The semitic and phoenician peoples of the mid east had been attacking the west long before before there were Christians and Moslems. Islam simply provided unificaton, of a sorts, as the moslems frequently fought each other as well, (Sunni vs Shia). One can go back to the Assyrian attacks on Greece at the Plains of Marathon, the Islamic invasions into Europe during the middle ages which was the real reason for the Crusades as they were an attempt to prevent these invasions, the Islamic raiders who during the middle ages attacked and carted off whole towns of English people and sold them on the arab slave market, to the Barbary coast,( Libyia, Algiers, Morrocco,) pirate attacks on U.S. commerce during 18th and early 19th centuries. So Islamic attacks on U.S./western interests are nothing new. Sirhan Sirhan, the assasin of JFK was a militant Palestinian and Moslem. However, he was merely a toadie for the communists. The east has been warring against the west for over 2,000 years. The terr attacks on U.S. soil were/are inevitable. They hate us not just because we are a primarily a Christian nation and ally with Israel, they hate us because they envy our power, our advanced civilisation, and our freedom just as they did before they were moslems and before the west was Christian when they were attacking the Greek city states. 
They hate Israel for the same reason, envy. Israelites turned an abandoned desert wasteland into a highly advanced country in one generation and without the oil rescources their neighbors have. If it was'nt for oil the Islamic nations would be living in goatskin tents and pushing goats and camels around the desert, just like they were before the oil discoveries.
Even if we did't need the oil I believe we have the right to defend ourselves with this "forward base" in Iraq.


----------



## Bobm (Aug 26, 2003)

Fireball I don't have to claim anything there is all kinds of info all over the net even from liberal outfits like human rights watch that estimate between 300,000 to over one million people are in Saddams mass graves. Your correct about one thing its pointless to argue with you because you chose to only see that facts that support you point of view like trying to say the Kurds are the only people he oppressed and murdered.



> More than 250,000 people were detained or murdered by the government of Saddam Hussein, and almost all of them have relatives who now want justice, or physical remains, or at the very least information about what happened to their loved ones.


http://www.hrw.org/editorials/2003/iraqmassgraves.htm



> "We've already *discovered just so far the remains of 400,000 people in mass graves*," said British Prime Minister Tony Blair on November 20 in London.
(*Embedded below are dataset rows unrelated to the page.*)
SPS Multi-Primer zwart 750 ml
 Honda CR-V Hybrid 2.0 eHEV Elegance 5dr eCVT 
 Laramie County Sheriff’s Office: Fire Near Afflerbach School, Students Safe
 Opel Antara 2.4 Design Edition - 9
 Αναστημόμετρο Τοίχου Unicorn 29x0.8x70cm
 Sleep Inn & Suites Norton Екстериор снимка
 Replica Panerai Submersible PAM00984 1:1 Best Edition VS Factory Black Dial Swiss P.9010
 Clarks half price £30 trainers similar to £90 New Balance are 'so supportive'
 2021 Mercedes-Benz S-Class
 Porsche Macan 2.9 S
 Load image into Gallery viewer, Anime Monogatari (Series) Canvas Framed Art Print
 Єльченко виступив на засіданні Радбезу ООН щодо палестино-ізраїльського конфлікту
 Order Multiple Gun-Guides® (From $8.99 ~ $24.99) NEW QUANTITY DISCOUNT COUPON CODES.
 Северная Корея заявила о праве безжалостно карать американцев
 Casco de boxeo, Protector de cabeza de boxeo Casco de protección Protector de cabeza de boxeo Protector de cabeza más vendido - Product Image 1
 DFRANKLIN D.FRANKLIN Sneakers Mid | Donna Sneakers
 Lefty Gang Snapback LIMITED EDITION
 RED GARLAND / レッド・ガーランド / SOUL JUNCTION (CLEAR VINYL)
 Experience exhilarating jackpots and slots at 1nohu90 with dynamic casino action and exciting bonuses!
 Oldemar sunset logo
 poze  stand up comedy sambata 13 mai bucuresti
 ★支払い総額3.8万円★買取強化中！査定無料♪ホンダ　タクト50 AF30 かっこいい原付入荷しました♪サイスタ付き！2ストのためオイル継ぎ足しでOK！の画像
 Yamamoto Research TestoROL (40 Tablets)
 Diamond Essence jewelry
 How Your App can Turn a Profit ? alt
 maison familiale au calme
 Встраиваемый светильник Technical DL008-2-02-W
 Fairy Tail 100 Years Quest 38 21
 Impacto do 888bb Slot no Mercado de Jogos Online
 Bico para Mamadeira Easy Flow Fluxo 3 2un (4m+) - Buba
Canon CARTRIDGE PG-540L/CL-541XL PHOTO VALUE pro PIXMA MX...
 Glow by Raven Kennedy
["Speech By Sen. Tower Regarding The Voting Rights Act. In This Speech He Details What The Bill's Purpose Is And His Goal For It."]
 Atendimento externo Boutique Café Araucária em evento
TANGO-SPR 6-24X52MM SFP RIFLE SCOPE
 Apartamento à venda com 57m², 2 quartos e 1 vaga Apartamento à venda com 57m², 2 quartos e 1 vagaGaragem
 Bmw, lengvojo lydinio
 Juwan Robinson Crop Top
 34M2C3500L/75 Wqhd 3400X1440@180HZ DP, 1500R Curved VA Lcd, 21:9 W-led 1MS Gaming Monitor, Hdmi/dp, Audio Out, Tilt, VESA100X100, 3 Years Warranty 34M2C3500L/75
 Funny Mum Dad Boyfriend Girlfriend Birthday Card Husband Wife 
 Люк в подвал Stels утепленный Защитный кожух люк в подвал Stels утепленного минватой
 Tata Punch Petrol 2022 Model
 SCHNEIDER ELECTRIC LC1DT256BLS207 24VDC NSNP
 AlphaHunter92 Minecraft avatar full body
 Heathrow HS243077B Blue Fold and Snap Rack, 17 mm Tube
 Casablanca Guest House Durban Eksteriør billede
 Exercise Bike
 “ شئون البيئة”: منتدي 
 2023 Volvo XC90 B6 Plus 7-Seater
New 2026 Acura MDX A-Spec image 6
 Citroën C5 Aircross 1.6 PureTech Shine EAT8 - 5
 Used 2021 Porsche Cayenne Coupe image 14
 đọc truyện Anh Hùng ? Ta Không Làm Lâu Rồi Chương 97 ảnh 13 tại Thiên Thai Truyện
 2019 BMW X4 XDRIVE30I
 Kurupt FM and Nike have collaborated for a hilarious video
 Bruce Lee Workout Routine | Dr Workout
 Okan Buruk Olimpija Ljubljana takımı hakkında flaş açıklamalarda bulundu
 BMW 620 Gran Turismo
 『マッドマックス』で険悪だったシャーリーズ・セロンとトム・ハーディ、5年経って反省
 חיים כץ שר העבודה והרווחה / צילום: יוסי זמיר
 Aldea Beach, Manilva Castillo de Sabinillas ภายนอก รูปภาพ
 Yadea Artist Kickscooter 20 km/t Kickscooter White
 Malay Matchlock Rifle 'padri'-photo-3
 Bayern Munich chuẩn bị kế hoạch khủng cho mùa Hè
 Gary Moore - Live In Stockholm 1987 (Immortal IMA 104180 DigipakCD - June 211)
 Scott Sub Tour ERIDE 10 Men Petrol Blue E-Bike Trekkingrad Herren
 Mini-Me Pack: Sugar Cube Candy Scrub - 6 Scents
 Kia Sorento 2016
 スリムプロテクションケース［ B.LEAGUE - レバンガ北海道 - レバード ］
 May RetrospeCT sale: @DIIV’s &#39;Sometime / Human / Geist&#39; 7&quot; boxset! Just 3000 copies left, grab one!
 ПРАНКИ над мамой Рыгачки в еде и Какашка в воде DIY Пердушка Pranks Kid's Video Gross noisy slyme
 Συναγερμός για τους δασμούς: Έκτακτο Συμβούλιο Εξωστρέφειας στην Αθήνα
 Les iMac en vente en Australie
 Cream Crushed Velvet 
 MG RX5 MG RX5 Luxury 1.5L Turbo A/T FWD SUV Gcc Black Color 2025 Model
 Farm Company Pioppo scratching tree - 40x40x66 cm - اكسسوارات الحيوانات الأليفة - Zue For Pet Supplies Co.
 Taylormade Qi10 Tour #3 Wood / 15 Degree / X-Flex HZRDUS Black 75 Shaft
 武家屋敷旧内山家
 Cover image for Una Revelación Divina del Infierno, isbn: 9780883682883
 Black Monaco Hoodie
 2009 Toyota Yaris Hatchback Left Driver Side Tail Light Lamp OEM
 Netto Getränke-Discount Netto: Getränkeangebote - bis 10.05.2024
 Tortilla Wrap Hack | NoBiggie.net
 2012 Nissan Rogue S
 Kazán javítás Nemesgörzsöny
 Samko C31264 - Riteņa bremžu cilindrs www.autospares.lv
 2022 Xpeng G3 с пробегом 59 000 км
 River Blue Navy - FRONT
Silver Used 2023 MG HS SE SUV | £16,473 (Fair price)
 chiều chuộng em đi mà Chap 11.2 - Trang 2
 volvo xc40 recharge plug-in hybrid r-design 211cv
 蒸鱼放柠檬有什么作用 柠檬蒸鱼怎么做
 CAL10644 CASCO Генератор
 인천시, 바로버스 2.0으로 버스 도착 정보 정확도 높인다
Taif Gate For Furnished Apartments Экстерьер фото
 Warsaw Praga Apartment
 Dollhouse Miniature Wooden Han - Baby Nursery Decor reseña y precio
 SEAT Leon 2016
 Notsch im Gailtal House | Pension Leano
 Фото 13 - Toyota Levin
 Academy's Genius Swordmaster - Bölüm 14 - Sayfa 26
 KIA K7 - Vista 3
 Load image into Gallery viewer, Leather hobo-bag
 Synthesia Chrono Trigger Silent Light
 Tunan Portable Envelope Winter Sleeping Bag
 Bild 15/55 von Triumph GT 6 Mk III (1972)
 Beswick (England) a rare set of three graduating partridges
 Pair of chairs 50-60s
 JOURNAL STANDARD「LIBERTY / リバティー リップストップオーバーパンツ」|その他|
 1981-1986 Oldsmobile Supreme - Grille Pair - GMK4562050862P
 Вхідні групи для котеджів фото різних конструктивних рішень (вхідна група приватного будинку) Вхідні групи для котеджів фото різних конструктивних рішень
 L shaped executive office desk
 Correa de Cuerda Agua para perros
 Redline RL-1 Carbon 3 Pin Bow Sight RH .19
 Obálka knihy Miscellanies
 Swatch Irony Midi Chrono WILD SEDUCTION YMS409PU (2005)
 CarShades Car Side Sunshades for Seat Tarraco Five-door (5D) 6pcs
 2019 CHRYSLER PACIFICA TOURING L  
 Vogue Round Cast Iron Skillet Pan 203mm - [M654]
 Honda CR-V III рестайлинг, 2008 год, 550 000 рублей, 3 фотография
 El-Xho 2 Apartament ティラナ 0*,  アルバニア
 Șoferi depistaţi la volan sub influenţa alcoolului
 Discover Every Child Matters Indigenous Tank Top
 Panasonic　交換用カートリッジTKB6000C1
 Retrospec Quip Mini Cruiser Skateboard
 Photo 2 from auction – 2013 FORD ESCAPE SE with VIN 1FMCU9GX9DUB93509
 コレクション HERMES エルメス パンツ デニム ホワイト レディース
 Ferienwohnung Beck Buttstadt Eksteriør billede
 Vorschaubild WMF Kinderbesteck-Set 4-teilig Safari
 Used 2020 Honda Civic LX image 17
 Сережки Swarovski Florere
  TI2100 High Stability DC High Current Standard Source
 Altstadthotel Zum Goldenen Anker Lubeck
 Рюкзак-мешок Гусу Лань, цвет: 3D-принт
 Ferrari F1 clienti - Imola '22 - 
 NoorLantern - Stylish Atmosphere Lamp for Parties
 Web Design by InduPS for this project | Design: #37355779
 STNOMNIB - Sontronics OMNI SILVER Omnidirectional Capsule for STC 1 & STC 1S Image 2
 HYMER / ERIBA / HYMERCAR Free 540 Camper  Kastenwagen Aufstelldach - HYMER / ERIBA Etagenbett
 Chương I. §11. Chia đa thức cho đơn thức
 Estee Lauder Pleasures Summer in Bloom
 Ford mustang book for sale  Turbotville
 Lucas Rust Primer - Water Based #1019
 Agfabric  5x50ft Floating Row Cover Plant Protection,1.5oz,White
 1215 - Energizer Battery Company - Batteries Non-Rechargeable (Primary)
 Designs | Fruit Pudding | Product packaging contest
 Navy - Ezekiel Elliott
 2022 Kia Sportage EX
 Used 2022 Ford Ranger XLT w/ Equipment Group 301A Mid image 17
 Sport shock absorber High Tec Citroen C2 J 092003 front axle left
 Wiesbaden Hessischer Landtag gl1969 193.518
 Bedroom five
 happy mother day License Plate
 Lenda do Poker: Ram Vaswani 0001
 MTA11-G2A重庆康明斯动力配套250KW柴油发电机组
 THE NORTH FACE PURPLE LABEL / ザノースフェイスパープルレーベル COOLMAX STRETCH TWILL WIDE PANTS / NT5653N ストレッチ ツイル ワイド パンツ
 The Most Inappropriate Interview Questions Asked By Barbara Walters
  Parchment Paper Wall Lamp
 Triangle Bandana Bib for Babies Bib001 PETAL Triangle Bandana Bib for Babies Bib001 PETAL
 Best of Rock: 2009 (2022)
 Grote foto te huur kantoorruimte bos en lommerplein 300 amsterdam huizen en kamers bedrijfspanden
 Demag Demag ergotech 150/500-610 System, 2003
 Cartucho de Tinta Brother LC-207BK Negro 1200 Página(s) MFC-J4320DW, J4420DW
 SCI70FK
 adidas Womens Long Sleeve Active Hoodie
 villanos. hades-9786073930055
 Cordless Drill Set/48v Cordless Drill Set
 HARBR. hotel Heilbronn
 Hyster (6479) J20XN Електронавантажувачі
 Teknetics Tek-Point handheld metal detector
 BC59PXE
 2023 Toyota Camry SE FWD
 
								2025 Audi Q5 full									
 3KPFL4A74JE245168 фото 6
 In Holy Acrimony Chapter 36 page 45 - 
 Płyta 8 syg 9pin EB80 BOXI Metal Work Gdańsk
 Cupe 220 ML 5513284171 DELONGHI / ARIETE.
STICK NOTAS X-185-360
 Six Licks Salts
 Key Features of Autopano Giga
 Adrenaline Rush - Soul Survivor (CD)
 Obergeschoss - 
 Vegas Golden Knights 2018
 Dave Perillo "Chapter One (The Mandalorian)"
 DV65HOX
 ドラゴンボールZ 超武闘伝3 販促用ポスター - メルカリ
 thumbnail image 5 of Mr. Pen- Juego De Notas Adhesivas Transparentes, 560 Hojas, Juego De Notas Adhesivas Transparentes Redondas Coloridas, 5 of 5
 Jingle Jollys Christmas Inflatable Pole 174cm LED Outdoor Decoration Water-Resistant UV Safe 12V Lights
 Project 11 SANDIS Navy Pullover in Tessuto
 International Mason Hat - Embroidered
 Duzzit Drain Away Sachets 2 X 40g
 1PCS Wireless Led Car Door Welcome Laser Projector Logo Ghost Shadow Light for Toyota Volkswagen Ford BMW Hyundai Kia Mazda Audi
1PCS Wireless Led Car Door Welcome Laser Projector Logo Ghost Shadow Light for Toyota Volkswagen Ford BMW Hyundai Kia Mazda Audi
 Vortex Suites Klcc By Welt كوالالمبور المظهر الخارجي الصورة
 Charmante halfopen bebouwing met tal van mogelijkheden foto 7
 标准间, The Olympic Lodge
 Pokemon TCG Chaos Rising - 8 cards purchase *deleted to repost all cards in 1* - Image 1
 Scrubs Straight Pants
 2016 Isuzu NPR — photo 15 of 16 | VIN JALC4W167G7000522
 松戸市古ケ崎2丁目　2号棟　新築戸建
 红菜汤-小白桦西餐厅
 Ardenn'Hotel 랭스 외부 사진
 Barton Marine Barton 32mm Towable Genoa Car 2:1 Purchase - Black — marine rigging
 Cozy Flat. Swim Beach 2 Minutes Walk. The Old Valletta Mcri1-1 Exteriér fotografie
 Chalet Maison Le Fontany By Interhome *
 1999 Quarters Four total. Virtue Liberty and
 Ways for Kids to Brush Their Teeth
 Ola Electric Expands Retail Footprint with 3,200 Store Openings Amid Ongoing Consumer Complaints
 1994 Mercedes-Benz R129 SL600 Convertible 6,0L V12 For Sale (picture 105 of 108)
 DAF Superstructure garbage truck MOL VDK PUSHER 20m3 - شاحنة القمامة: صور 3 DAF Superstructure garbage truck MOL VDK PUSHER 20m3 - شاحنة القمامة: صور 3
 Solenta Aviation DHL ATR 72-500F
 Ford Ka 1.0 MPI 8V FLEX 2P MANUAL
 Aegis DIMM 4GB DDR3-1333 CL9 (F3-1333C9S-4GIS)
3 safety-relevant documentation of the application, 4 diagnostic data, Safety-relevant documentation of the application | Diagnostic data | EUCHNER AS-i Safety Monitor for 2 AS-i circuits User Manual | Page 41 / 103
The United Nations, the U.S. State Department, Amnesty International, and Human Rights Watch (HRW) all estimate that Saddam Hussein's regime murdered hundreds of thousands of innocent people. *"Human Rights Watch estimates that as many as 290,000 Iraqis have been 'disappeared' by the Iraqi government over the past two decades," *said the group in a statement in May. "Many of these 'disappeared' are those whose remains are now being unearthed in mass graves all over Iraq."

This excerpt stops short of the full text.